Siehe dazu den Artikel in der Badischen Zeitung vom 21.9.2020 (Bild klicken, um Artikel zu lesen):


Und jetzt konkret: Gibt es schon Planungen?

Natürlich sind Windräder im Hochschwarzwald mit Thema der Diskussionen im Vorstand und Aufsichtsrat. Wir sind uns bewusst, dass bislang zur Genehmigung von Windrädern die Bedingungen nicht ideal waren und man einen sehr langen Atem brauchte. In Anbetracht des sich verändernden Bewusstseins in der Bevölkerung und vor allem der nun klar erkennbaren politischen Willen im grün-schwarzen Baden-Württemberg mit dem Ziel bis zu 1.000 Anlagen neu zu planen, verändern sich die Voraussetzungen gerade vehement in die bei der VITA mehrheitlich gewünschte Richtung. 

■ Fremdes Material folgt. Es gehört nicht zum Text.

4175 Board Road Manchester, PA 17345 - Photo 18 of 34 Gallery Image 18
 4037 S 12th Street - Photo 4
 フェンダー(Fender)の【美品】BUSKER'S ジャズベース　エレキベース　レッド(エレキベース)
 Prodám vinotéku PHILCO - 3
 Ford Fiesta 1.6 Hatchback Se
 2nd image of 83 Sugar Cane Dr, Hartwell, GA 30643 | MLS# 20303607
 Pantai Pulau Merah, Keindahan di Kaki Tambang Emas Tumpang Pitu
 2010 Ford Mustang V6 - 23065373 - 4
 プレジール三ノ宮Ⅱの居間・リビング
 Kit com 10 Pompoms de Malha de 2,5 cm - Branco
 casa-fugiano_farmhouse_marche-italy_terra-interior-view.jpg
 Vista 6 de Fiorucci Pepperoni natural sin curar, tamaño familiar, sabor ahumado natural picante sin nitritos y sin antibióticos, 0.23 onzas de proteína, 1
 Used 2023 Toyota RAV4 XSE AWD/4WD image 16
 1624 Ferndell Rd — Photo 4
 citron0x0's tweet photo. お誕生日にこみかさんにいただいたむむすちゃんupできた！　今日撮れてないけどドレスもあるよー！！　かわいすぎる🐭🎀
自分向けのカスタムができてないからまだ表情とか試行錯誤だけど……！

Momentan legen wir noch den Fokus darauf, die Sonnenenergie mit weiteren Photovoltaik-Anlagen in Titisee-Neustadt zu forcieren - und auch in Umlandgemeinden gibt es erfolgversprechende Ansätze. Wenn sich aber jetzt Fenster auftun, werden wir alle sich ergebenden Chancen nutzen, um als Bürgerenergiegenossenschaft mit für Akzeptanz zu sorgen. Wir wollen erreichen, dass die Bürger mit beteiligt werden an der nun mal effizientesten und wirtschaftlichsten Form, erneuerbare Energie zu erzeugen. Dazu ist sicherlich auch der Austausch und möglichst ein Schulterschluss mit dem Tourismus und der regionalen Hotelbranche wünschenswert

Denn wir denken: Dosierte Windkraft im Hochschwarzwald verhindert nicht die touristische Attraktivität. Die Menschen - und auch die Touristen - erkennen zwischenzeitlich in großer Mehrheit, dass auch der Schwarzwald unter dem Klimawandel weit mehr leiden wird, als unter einigen Windrädern. Bei ungebremster Klimaerwärmung wird auch Wintersport und Winterurlaub im Hochschwarzwald weniger Zukunft haben. Wir sind offen für konstruktive und sachliche Gespräche, um auch Windkraft tourismusverträglich zu gestalten.